Start of Given data
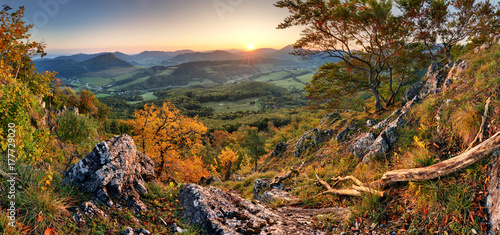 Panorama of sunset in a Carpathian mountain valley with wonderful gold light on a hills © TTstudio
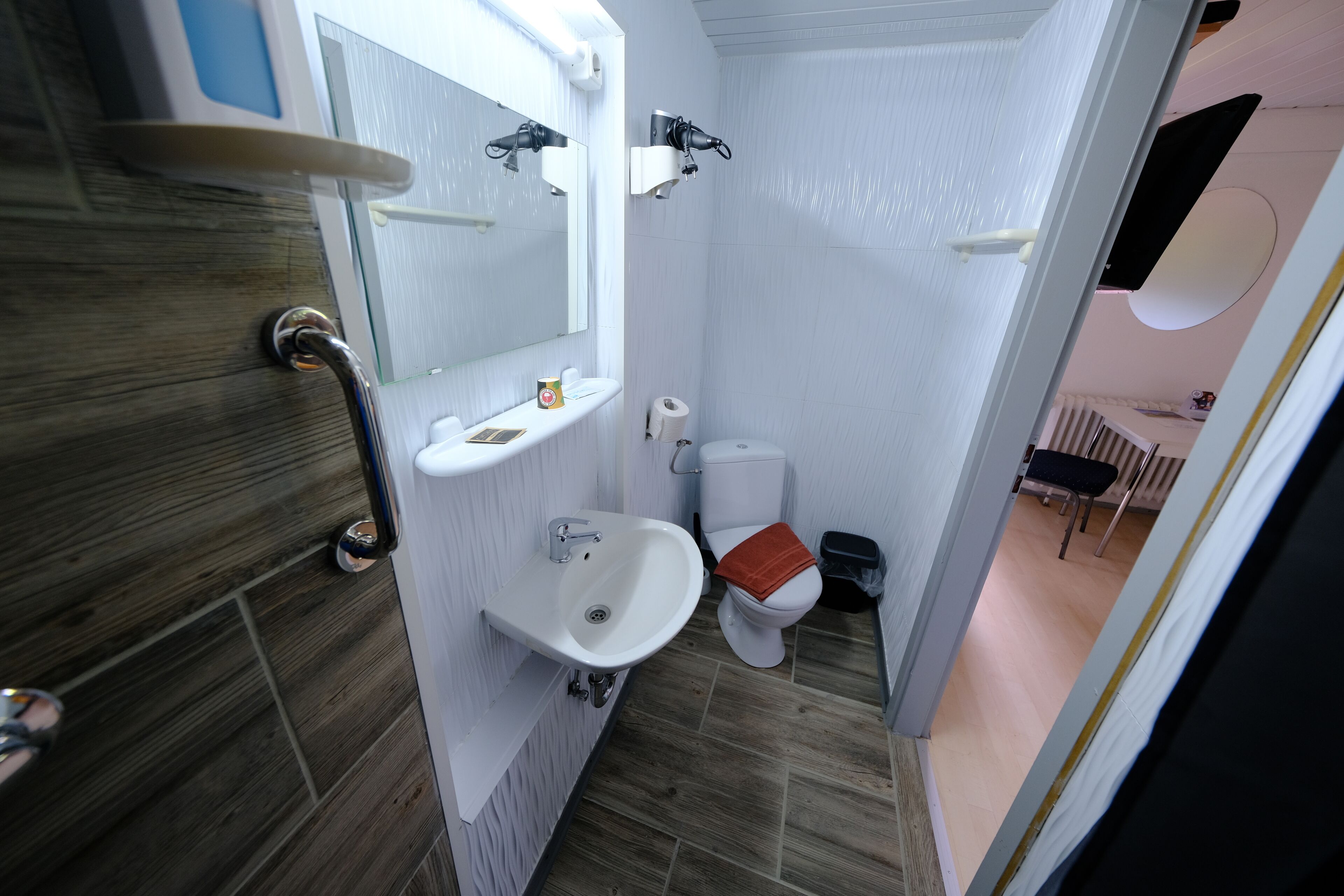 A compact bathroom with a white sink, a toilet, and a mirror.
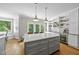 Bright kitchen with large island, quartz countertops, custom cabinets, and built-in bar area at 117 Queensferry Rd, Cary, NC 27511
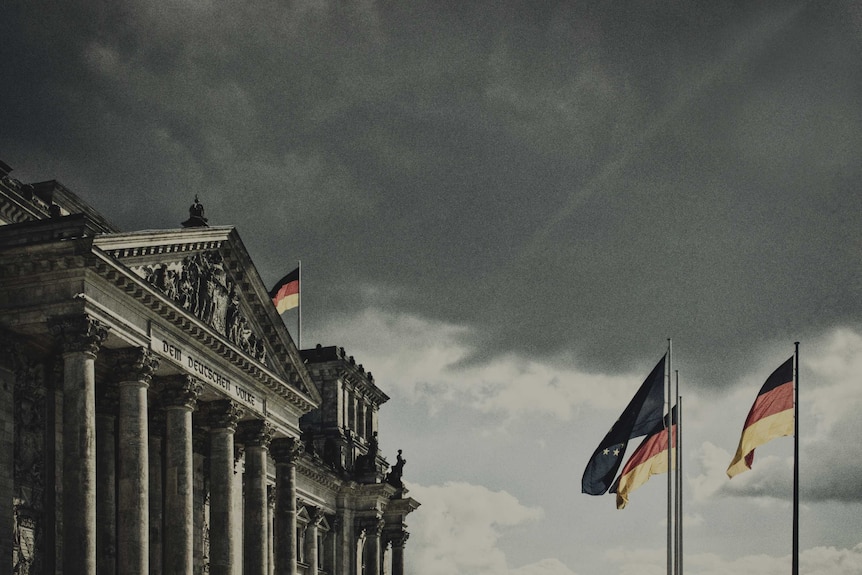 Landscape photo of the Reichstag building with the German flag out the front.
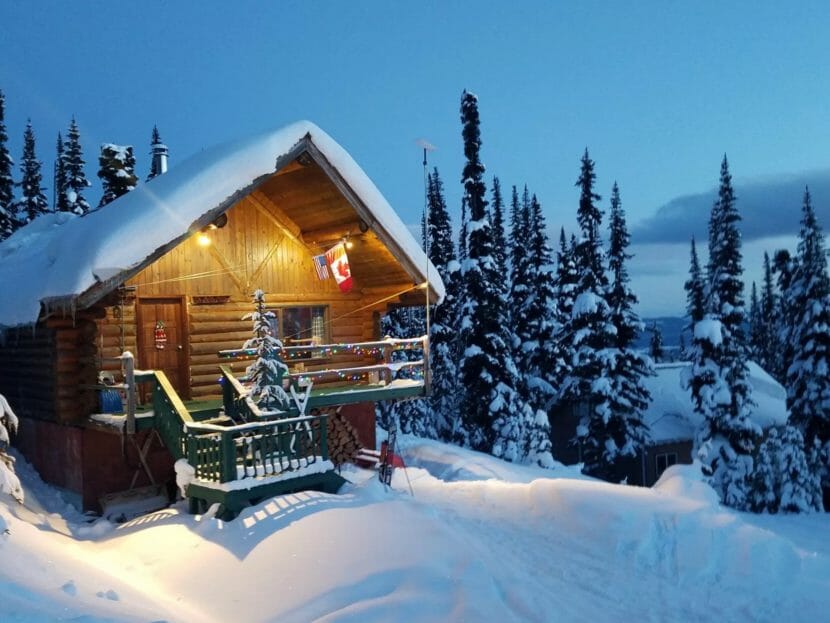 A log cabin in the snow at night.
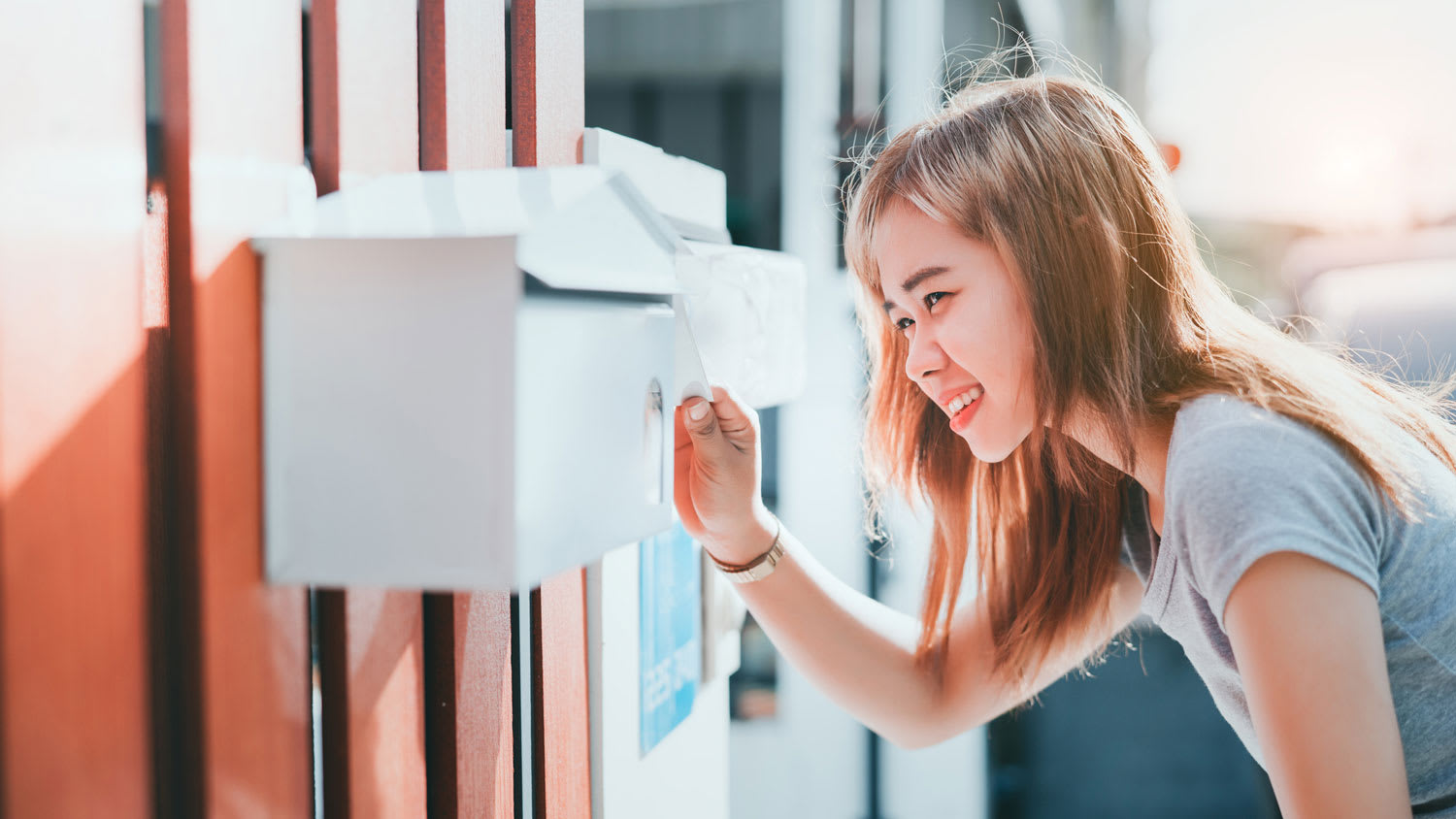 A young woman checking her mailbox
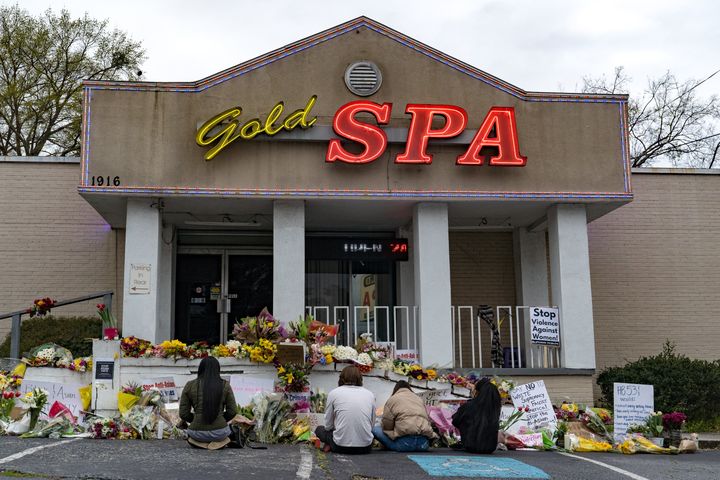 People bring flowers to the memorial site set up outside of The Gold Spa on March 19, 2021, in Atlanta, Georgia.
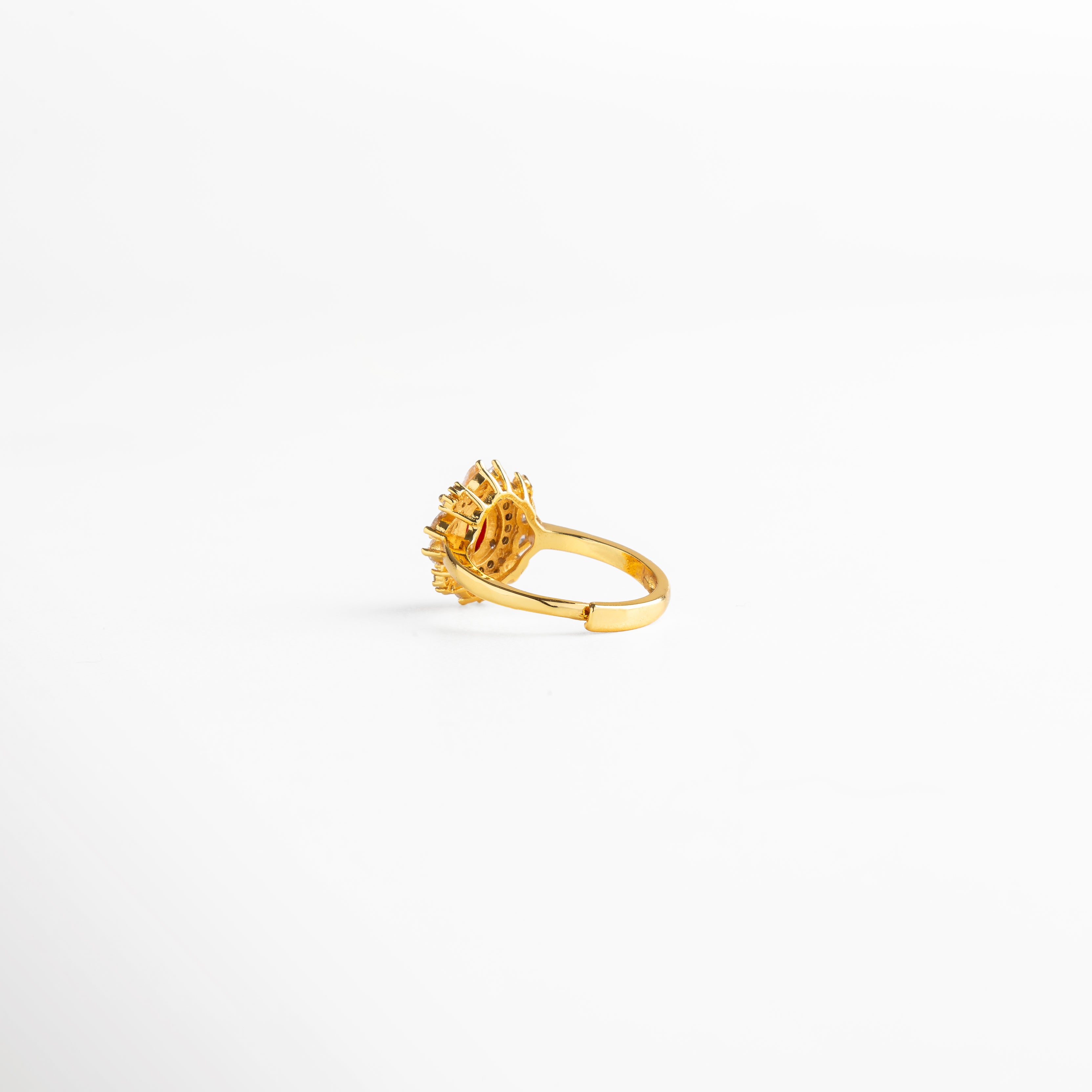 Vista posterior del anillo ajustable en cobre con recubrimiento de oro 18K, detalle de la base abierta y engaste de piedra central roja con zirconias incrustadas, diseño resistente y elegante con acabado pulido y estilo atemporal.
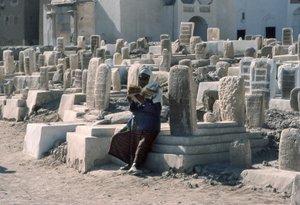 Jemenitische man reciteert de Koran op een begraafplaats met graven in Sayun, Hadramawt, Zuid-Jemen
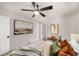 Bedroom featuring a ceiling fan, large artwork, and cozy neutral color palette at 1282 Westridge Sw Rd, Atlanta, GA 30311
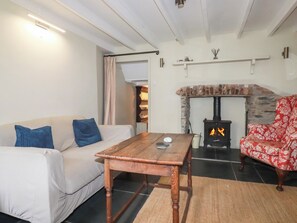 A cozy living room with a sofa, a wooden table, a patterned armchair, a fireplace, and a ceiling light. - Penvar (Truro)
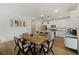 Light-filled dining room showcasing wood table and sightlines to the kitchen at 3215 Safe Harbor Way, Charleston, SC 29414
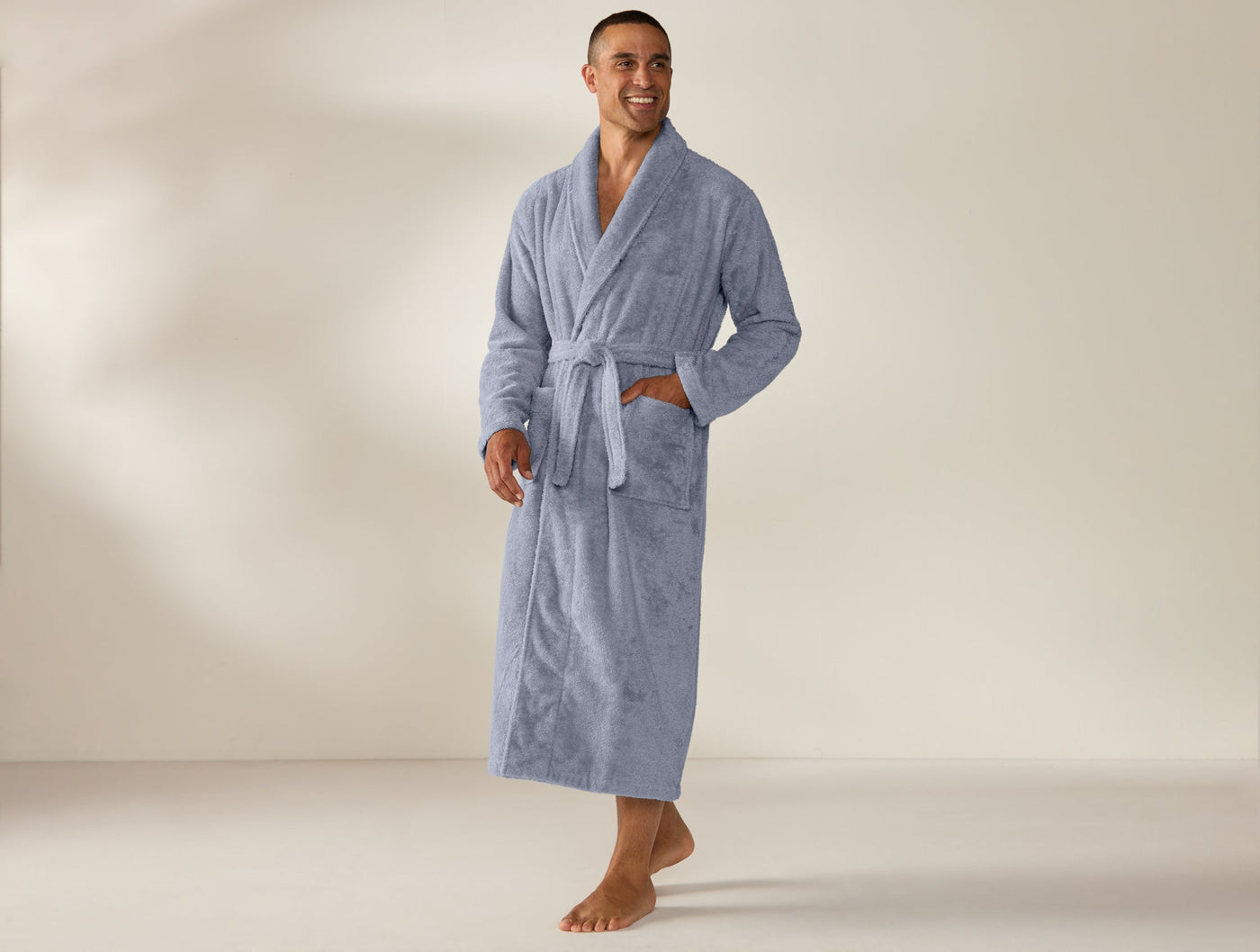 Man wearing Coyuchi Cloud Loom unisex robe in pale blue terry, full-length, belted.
End of Given data
■ **Work request**
Write out the entries above verbatim; the pictures do not belong in your copy.

■ **Answer to the problem**
 Panorama of sunset in a Carpathian mountain valley with wonderful gold light on a hills © TTstudio
 A compact bathroom with a white sink, a toilet, and a mirror.
 Bright kitchen with large island, quartz countertops, custom cabinets, and built-in bar area at 117 Queensferry Rd, Cary, NC 27511
 Landscape photo of the Reichstag building with the German flag out the front.
 A log cabin in the snow at night.
 A young woman checking her mailbox
 People bring flowers to the memorial site set up outside of The Gold Spa on March 19, 2021, in Atlanta, Georgia.
 Vista posterior del anillo ajustable en cobre con recubrimiento de oro 18K, detalle de la base abierta y engaste de piedra central roja con zirconias incrustadas, diseño resistente y elegante con acabado pulido y estilo atemporal.
 Jemenitische man reciteert de Koran op een begraafplaats met graven in Sayun, Hadramawt, Zuid-Jemen
 Bedroom featuring a ceiling fan, large artwork, and cozy neutral color palette at 1282 Westridge Sw Rd, Atlanta, GA 30311
 A cozy living room with a sofa, a wooden table, a patterned armchair, a fireplace, and a ceiling light. - Penvar (Truro)
 Light-filled dining room showcasing wood table and sightlines to the kitchen at 3215 Safe Harbor Way, Charleston, SC 29414
 Man wearing Coyuchi Cloud Loom unisex robe in pale blue terry, full-length, belted.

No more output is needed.